Attualità discografica

 

Musica sinfonica e strumentale


SCHUBERT

Sinfonia n.9 in do maggiore D 944

Wiener Symphoniker, direttore Clemens Krauss

(registrazione: 2 marzo 1951)

ENESCU

Rapsodia romena n.l in la maggiore op. 11

Wiener Philharmoniker, direttore Clemens Krauss (registrazione: 18 agosto 1950) Teldec "Historic" 9031-76438-2

 

Noto e apprezzato soprattutto come direttore d'opera, interprete sommo di Wagner e Richard Strauss, col quale collaborò intensamente anche in veste di librettista per Capriccio, Clemens Krauss non ha lasciato molte testimonianze della sua arte in campo sinfonico, se si eccettuano le registrazioni sui generis dei concerti di Capodanno viennesi, e di quel repertorio leggero che fu un'altra delle sue specialità. Come tutte le autentiche nature tragiche, Krauss amava le spensieratezze dei valzer e delle polke, che poi con lui troppo spensierate non erano mai, nonostante la grazia a l'eleganza che gli provenivano direttamente dalla tradizione del genere assorbita alla fonte. La viennesità di Krauss non era solo un dato anagrafico ma l'essenza stessa di una civiltà insieme orgogliosa dei propri privilegi o aperta sul mondo, provinciale e cosmopolita: in questo senso l'iniziale del suo cognome poteva stare anche come simbolo del regno kakanico, immaginario e realistico al massimo, di Musil.

Ascoltando questa registrazione della Grande di Schubert si è come proiettati nell'atmosfera di un'allegra apocalisse, dove la forza energetica del ritmo sottintende movenze macabre e il vortice si perde nel nulla infinito, le melodie stesse essendo ombre di un canto illusorio, meravigliosamente sospeso sull'abisso. Il bello è che in questa visione della partitura non vi è proprio niente di dimostrativo, di sovraccaricato: e come se Krauss ne identificasse dal suo punto di vista un dato di fatto, e la musica di Schubert si calasse nel suo ambiente naturale, o almeno sembrasse aderirvi con simbiosi perfetta, annunciata e annunciantesi al tempo stesso. Nessuno potrebbe imitarlo, giacchè non della trasposizione di un'idea interpretativa si tratta, bensì di un'intima connessione di natura e cultura: civiltà prima della civilizzazione, indole, inclinazione dell'animo invece che pensiero astratto.

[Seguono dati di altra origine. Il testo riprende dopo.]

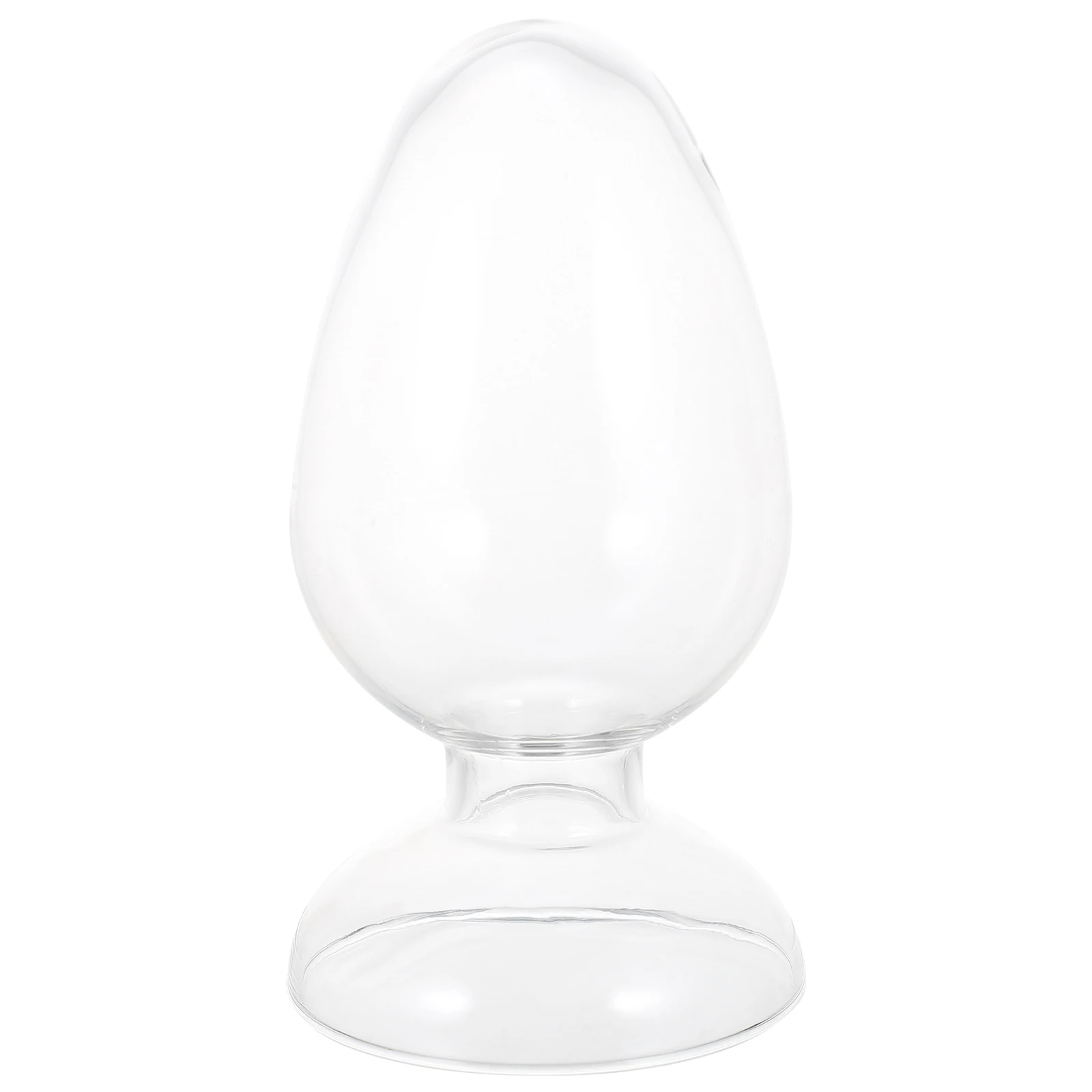 1Pcs Transparent Glass Laboratory Bottle Conical Sample Bottle Smooth Polished Reusable for Experiment Display Storage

Con la Rapsodia romena di George Enescu siamo invece gia in piena civilizzazione, che maschera con l'artificio artigianale la dichiarata perdita dei valori. Un guizzo che simula l'ebbrezza di ritmi o tempi incapaci di costituire un mondo alternativo, sano e costruttivo secondo utopia, e chiede a Vienna ormai lontana nel cuore di riprendere la tutela, per fingere un'appartenenza che non esiste più, se non nella grande illusione della musica, tra ritmi sfrenati di danze che furono: complice un grande direttore, dolcissimo dietro la sua scorza salvifica di ironia.